Though we all like to create a narrative where we’re in control of our lives and destiny, so much in life is down to chance. Somebody is no doubt at this very minute getting blindsided by a out of control rickshaw or clobbered in the head by a for sale sign, due to an ill-timed gust of wind. If you can imagine it happening, it probably has, and though some misfortune is self inflicted, Darwin Award style, often it’s a case of ‘nobody saw it coming. The same of course applies to good fortune. Fate hands some a free pass in life and endless riches without much of a struggle along the way. Tonda Dickerson’s story stands out on account that she experienced both the best and worst of what fortune can offer.
Dickerson’s life was as ordinary as can be, divorced and in her late 20s she was just going through the motions of everyday life. By day, she worked as a waitress at the Grand Bay Waffle House in Alabama and any one day resembled the next. That was until the day that Edward Seward walked in, ate a hearty breakfast and then handed her a lottery ticket as a tip. This simple task was a set a chain of events into motion that she could have never in her wildest dreams or nightmares anticipated. The date was Sunday, March 7th, 1999. The lottery took place on the following Saturday. She won that lottery.
Suddenly in possession of a winning lottery ticket worth $10 million, Dickerson’s fortunes looked to suddenly be massively on the up as she accepted $375,000 over the next 30 years rather than the lump sum payout.
Fate however had other ideas. She soon found herself embroiled in multiple legal battles, with both her work mates (who deemed that the lottery ticket tip should be split between them all), the IRS and even the man who gave her the ticket in the first place! Though Dickerson stated that she didn’t agree to split the winnings, it took a jury took just 45 minutes to decide against her. She had turned down a settlement that would’ve allowed her to keep a cool $3 million of the Florida jackpot.
Not willing to let her millions evaporate into thins air, Dickerson took the case to the Alabama Supreme Court, which reversed the Circuit Court decision in 2002. Two years later she was taken to fend off a case by Seward, who had stated that Dickerson offered to buy him a stuck if the ticket was a winner. Her respite didn’t last long though, as the very same week her ex-husband who she divorced in 1997 was shot after attempting to kidnap her! He had taken her to a remote area and threatened to kill her, but while pleading with him to let her answer her ringing phone on account that people would be looking for her, she pulled a .22-caliber handgun out, shooting him in the chest.
Anticipating that possibly she’d experienced her last bit of bad (or rather harrowing) luck, her troubles were not over yet. She spend the next decade battling with the IRS, as they argued about how much she owed them. In March 2012 though her attorneys successfully argued that the IRS was wrong to demand $1 million in gift tax after Dickerson gave most of her winnings away to her family business.

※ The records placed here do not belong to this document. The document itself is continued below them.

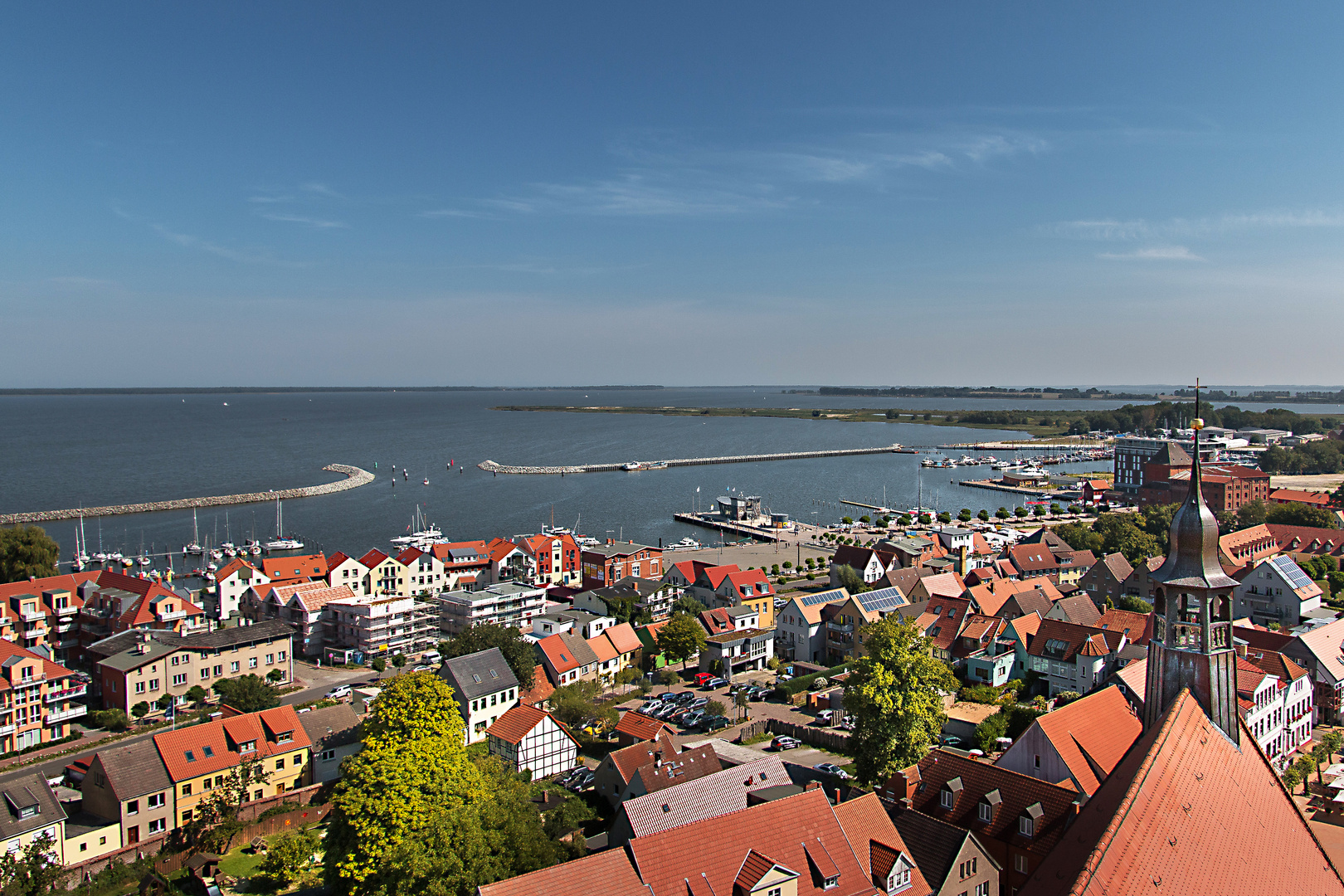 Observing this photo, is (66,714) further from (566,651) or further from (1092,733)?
(1092,733)

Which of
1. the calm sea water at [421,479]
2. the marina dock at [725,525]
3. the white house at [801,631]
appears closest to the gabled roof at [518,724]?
the white house at [801,631]

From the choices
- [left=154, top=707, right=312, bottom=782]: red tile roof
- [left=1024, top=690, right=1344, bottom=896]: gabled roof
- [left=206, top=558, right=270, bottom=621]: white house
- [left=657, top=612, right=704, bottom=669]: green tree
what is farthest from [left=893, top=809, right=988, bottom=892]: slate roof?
[left=206, top=558, right=270, bottom=621]: white house

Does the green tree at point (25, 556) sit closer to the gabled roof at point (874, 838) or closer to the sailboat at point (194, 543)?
the sailboat at point (194, 543)

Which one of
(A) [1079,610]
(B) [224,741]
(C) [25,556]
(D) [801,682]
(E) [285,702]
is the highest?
(C) [25,556]

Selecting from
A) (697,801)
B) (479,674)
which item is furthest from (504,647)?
(697,801)

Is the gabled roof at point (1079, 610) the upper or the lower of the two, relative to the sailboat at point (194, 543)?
upper

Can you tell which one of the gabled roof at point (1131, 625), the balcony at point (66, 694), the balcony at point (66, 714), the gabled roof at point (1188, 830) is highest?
the gabled roof at point (1188, 830) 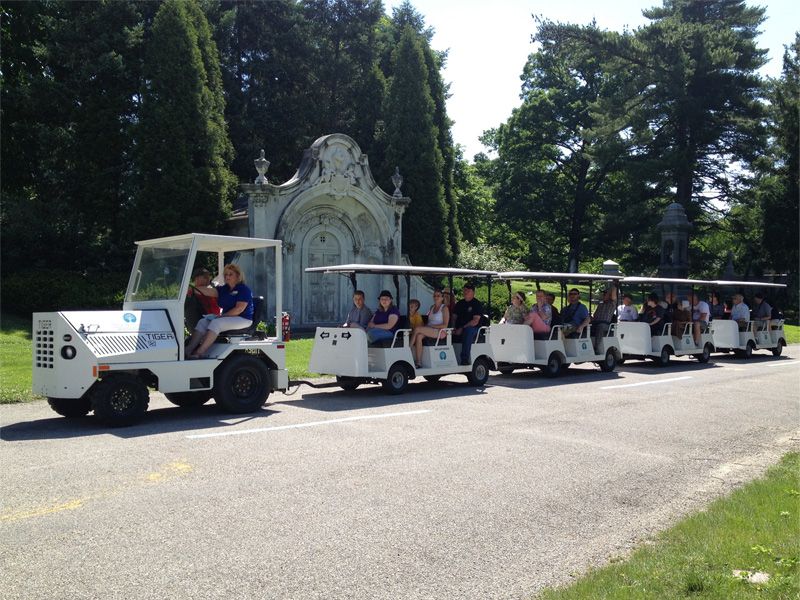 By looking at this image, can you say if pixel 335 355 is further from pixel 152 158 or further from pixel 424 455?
pixel 152 158

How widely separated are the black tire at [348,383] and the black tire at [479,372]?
2.18 metres

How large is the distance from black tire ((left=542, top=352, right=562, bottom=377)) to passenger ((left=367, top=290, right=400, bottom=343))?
4.51 meters

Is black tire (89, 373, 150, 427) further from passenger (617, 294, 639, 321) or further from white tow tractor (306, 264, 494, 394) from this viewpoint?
passenger (617, 294, 639, 321)

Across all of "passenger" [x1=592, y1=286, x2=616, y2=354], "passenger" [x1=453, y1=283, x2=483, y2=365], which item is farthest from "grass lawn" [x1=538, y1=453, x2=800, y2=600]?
"passenger" [x1=592, y1=286, x2=616, y2=354]

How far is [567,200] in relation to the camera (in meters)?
54.2

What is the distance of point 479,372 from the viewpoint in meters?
14.6

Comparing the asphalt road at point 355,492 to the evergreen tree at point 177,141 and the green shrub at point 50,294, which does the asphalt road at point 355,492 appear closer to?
the green shrub at point 50,294

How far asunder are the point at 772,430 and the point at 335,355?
6760mm

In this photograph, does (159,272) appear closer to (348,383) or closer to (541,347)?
(348,383)

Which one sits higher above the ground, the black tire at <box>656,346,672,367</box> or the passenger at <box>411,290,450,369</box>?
the passenger at <box>411,290,450,369</box>

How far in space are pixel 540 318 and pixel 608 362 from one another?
8.01 ft

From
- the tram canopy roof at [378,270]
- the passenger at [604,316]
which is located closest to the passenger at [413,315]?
the tram canopy roof at [378,270]

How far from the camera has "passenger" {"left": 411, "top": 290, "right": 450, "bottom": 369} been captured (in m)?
13.9

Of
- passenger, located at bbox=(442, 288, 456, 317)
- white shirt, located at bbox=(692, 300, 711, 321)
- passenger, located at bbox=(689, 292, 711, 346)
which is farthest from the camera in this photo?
white shirt, located at bbox=(692, 300, 711, 321)
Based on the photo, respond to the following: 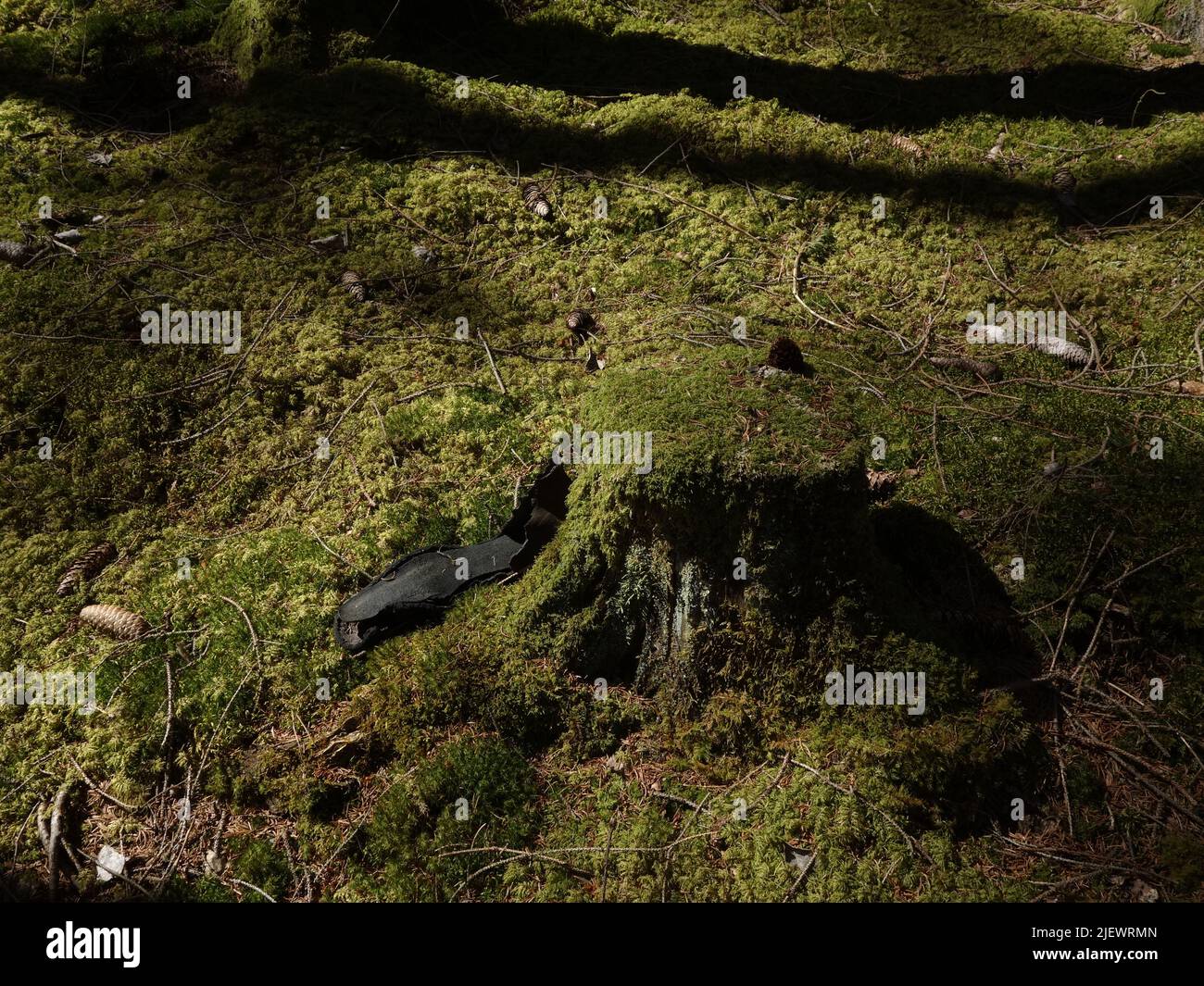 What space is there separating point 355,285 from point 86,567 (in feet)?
8.20

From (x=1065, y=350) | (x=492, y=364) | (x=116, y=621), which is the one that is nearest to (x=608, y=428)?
(x=492, y=364)

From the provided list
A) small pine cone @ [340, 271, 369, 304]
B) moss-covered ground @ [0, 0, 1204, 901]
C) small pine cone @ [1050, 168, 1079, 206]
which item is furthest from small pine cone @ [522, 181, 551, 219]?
small pine cone @ [1050, 168, 1079, 206]

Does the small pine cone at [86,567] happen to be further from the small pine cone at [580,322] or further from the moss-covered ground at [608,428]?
the small pine cone at [580,322]

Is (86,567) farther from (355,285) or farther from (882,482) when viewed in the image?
(882,482)

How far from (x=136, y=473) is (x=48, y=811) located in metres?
1.96

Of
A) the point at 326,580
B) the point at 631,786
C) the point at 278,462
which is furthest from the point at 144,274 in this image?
the point at 631,786

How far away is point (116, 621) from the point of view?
405 cm

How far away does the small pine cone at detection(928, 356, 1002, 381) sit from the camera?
495 centimetres

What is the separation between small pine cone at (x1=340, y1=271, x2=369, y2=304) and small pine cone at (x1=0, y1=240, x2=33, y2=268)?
2.32m

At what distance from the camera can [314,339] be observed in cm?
527

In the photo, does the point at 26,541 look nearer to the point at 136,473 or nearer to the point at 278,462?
the point at 136,473

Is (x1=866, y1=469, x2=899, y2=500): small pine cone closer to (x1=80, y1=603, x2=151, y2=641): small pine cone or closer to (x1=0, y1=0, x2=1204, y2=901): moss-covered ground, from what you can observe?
(x1=0, y1=0, x2=1204, y2=901): moss-covered ground

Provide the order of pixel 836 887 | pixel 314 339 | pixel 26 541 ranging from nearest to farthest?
pixel 836 887 → pixel 26 541 → pixel 314 339

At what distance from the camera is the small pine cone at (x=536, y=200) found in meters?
6.16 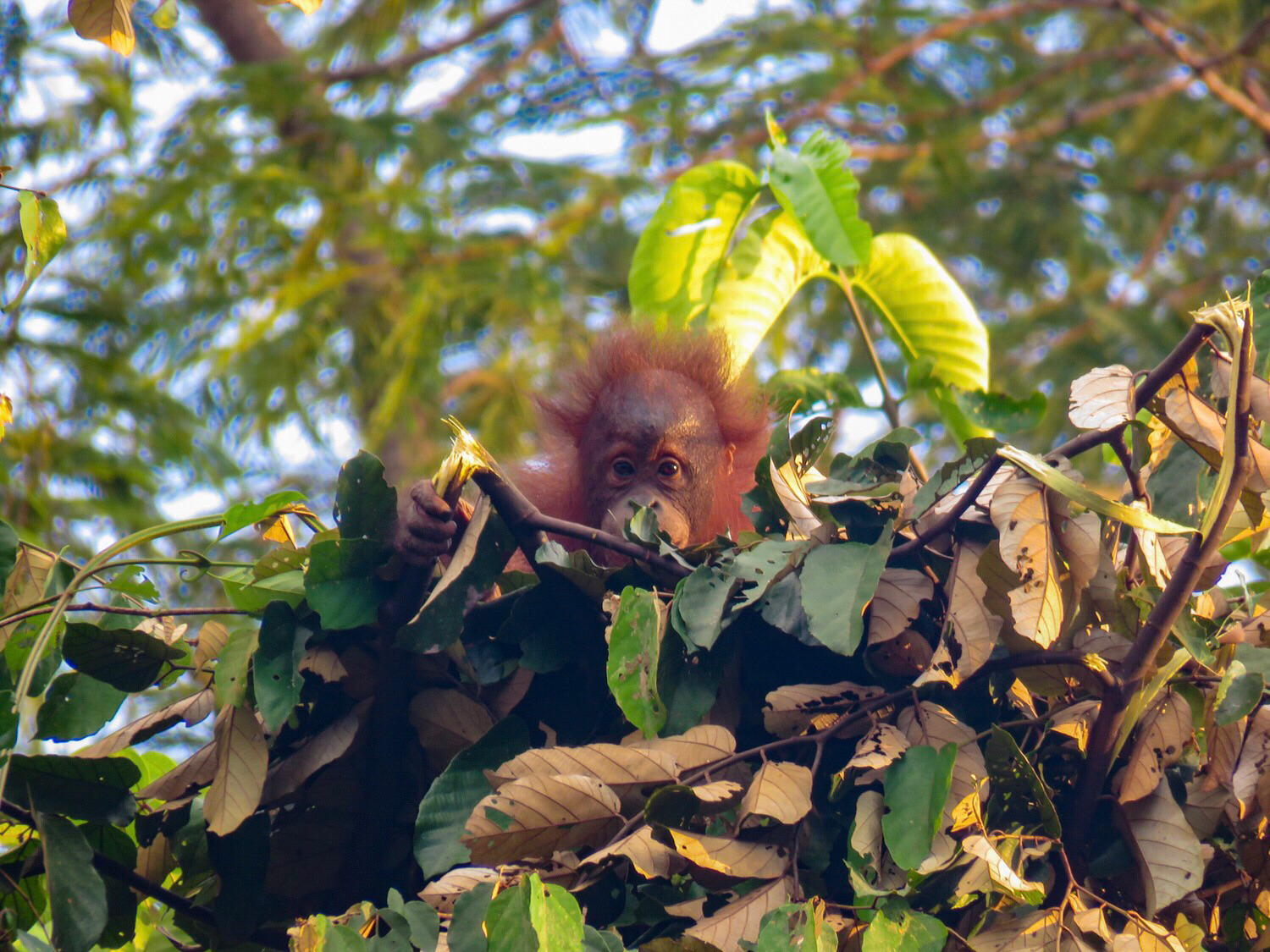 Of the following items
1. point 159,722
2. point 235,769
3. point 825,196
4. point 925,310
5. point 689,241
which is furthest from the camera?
point 689,241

Finally past these challenges (but without any money), Dickerson has not been heard of much since, though the fact that she now works as a poker dealer at the Golden Nugget casino in Biloxi, perhaps is a strange yet fitting endless to her ‘run in’ with ‘good fortune’.
Of course this isn’t the first rags, to riches, then back to rags again type story of huge lottery wins. How about Ronnie Music Jr, the Waycross, Georgia man who won $3 million then had the bright idea of using it to invest in a meth ring. or Urooj Khan, poisoned with cyanide a day after a $1 millon win. Sometimes getting everything you’ve ever dreamed of is just the beginning of the story, rather than the end.